Continuing from yesterday: the final entry on President Obama’s 2012 proclamation entitled “COMMEMORATION OF THE 50th ANNIVERSARY OF THE VIETNAM WAR”:
Here’s the end of the proclamation:
“Throughout this Commemoration, let us strive to live up to their example by showing our Vietnam veterans, their families, and all who have served the fullest respect and support of a grateful Nation. NOW, THEREFORE, I, BARACK OBAMA, President of the United States of America, by virtue of the authority vested in me by the Constitution and the laws of the United States, do hereby proclaim May 28, 2012, through November 11, 2025, as the Commemoration of the 50th Anniversary of the Vietnam War. I call upon Federal, State, and local ofﬁcials to honor our Vietnam veterans, our fallen, our wounded, those unaccounted for, our former prisoners of war, their families, and all who served with appropriate programs, ceremonies, and activities.
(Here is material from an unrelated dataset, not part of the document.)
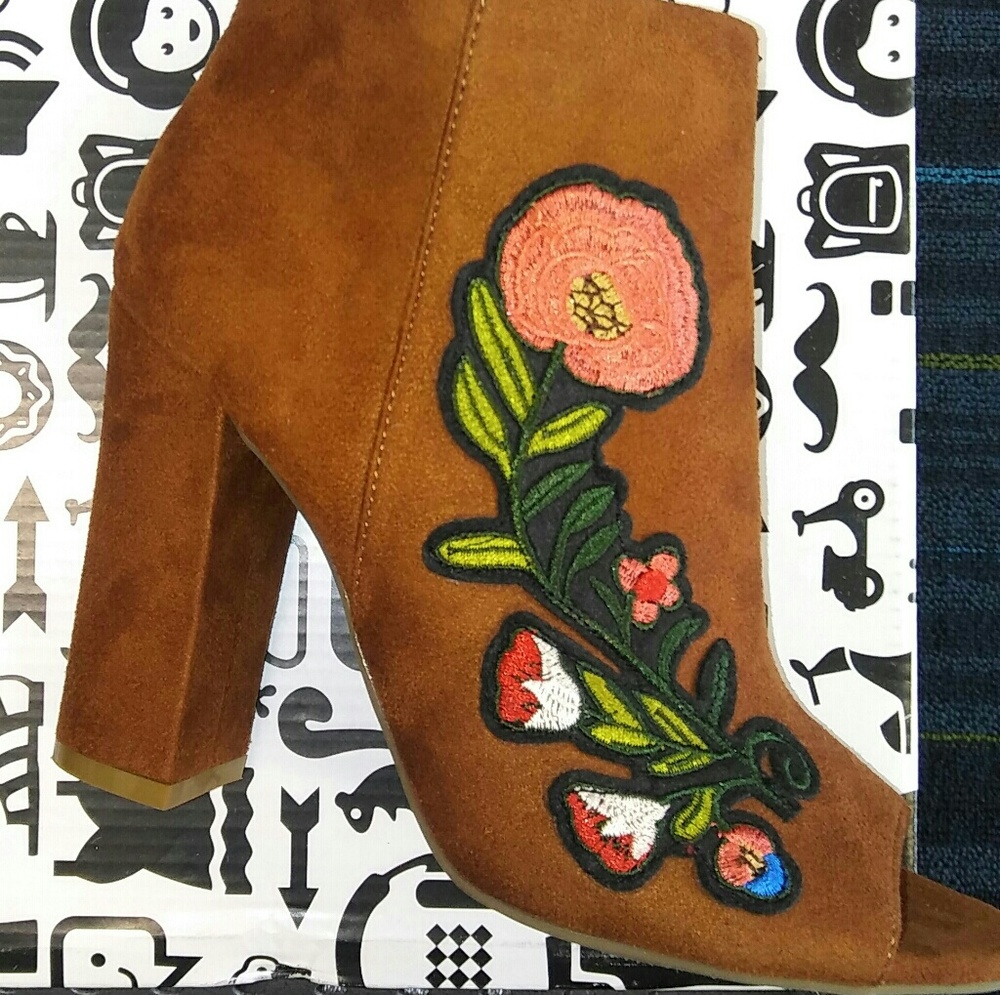 Sandy brown boots w flower print design size 8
“IN WITNESS WHEREOF, I have hereunto set my hand this twenty-fifth day of May, in the year of our Lord two thousand twelve, and of the Independence of the United States of America the two hundred and thirty-sixth.”
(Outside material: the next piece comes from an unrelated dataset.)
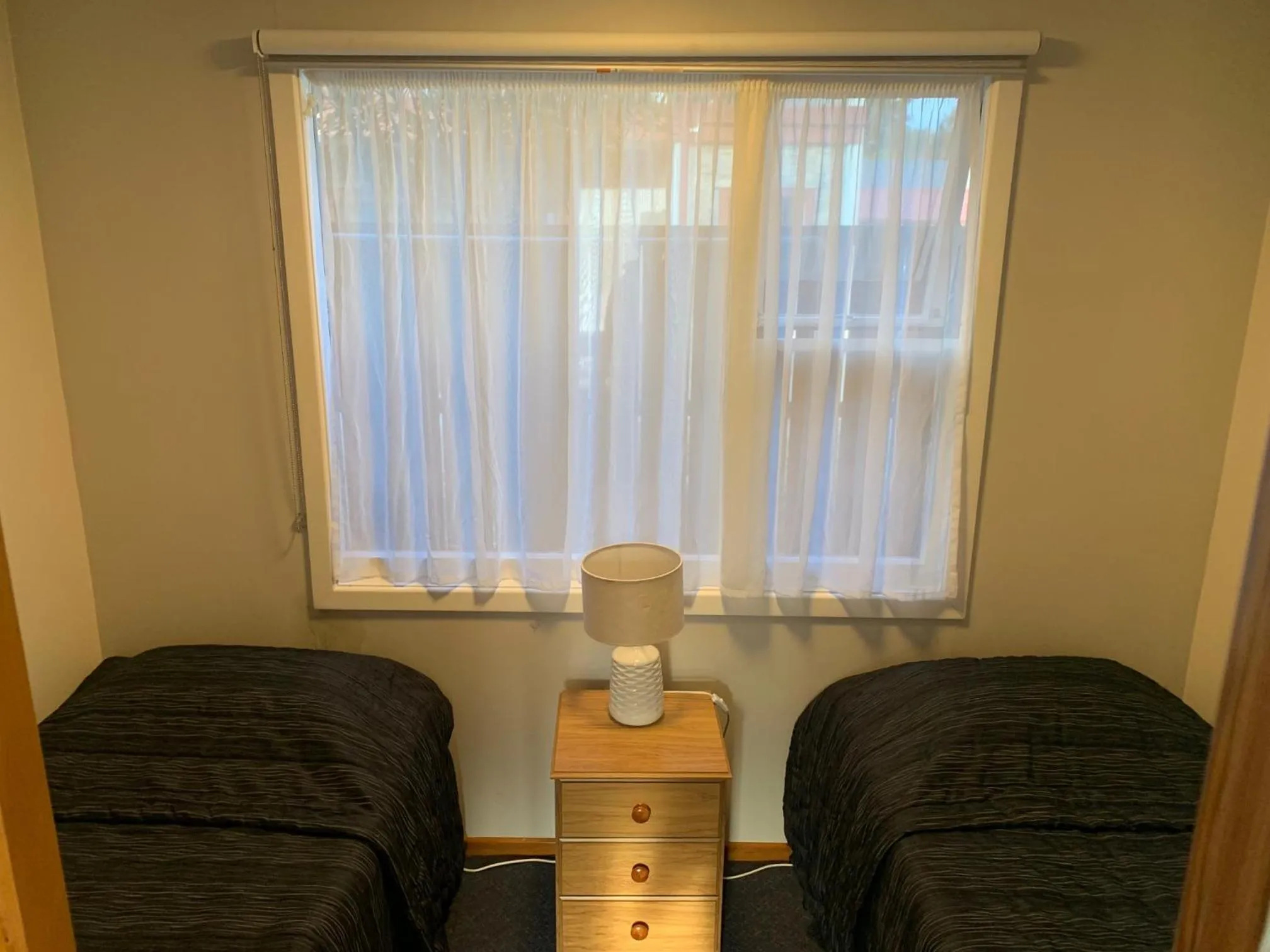 Bedroom in Red Tussock Motel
The parallel between the time span of the proclamation and the number of years I spent trundling between Vietnam and the U.S. is ironic—both thirteen years. I’m the only person I know of who was there, on and off, for the entire war, from 1962 to 1975, when I escaped under fire as Saigon fell to the North Vietnamese. During those years, I was in Vietnam at least four months every year. I had one complete three-year tour and another three-year tour interrupted by the conquest of South Vietnam by the North Vietnamese. In between I had so many shorter trips I lost count.
But I was not military. I was a civilian under cover as military, sometimes army, sometimes Marine. After the withdrawal of U.S. forces from Vietnam in 1973, I was under double cover. If the enemy penetrated my disguise as a diplomat, they’d learn I was really a CIA operative. As far as I know, no one unauthorized ever discovered that I was really an employee of the National Security Agency.
And again, I’m so struck by the worlds of difference between the tone of the president’s words and the reaction we received when we returned to the world from Vietnam. We were insulted and shamed for our time in combat. For decades many of us never spoke of Vietnam. I sensed a change in the attitude of the American public around 2012, when the president signed his proclamation. It must have been in 2012 when I first heard the words, “Thank you. And welcome home.” Those words still bring tears to my eyes.